エラーにはなりませんが、何も変換されません。
文字列として扱いたい場合は、TEXT関数で文字列に変換してから渡しましょう。
空白セルを渡した場合
空白セルを指定すると、結果は0ではなく空文字(””)になります。
エラーにはならないので、IF関数でのチェックは必須ではありません。
略語が崩れる
これはエラーではなく仕様です。
USA → Usa のような変換が起きた場合は、SUBSTITUTE関数で補正してください。

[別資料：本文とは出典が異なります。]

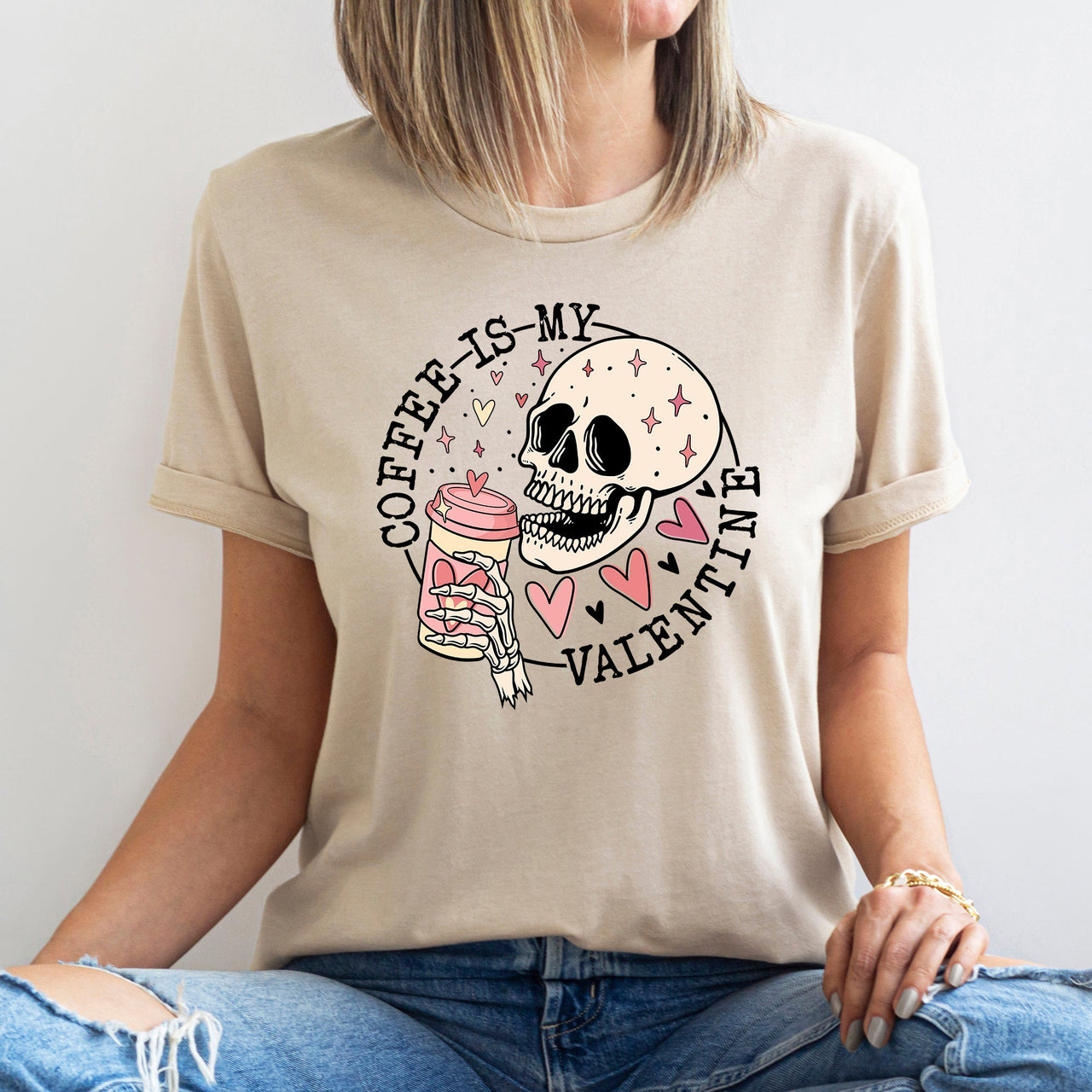 Coffee Is My Valentine Skeleton Caffeine For Coffee Lovers Valentine's Day Edition Graphic Tee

詳しい対処法は「略語崩れの対処パターン」のセクションで解説しています。
全角と半角が混在している
PROPER関数は全角↔半角の変換をしません。
全角英字は全角のまま先頭が大文字になります。
半角に統一したい場合は、ASC関数を先に適用しましょう。
逆に全角に統一したい場合はJIS関数が使えます。
まとめ
PROPER関数は、各単語の先頭文字を大文字に変換するシンプルな関数です。
人名リストや顧客データの表記統一に活躍します。
この記事のポイントをおさらいしておきましょう。
- 書式は
=PROPER(文字列)で、引数は1つだけ - スペース・記号・数字の直後の文字が大文字に変換される
- 略語崩れ(USA → Usa)はSUBSTITUTE関数で事後補正する
- TRIM関数やASC関数と組み合わせると、データクレンジングに使える
- UPPER関数(全大文字)・LOWER関数(全小文字)との使い分けも大切
まずはシンプルな =PROPER(A2) から試してみてください。
慣れてきたら、TRIM関数やASC関数との組み合わせで実務のデータ整理に活用していきましょう。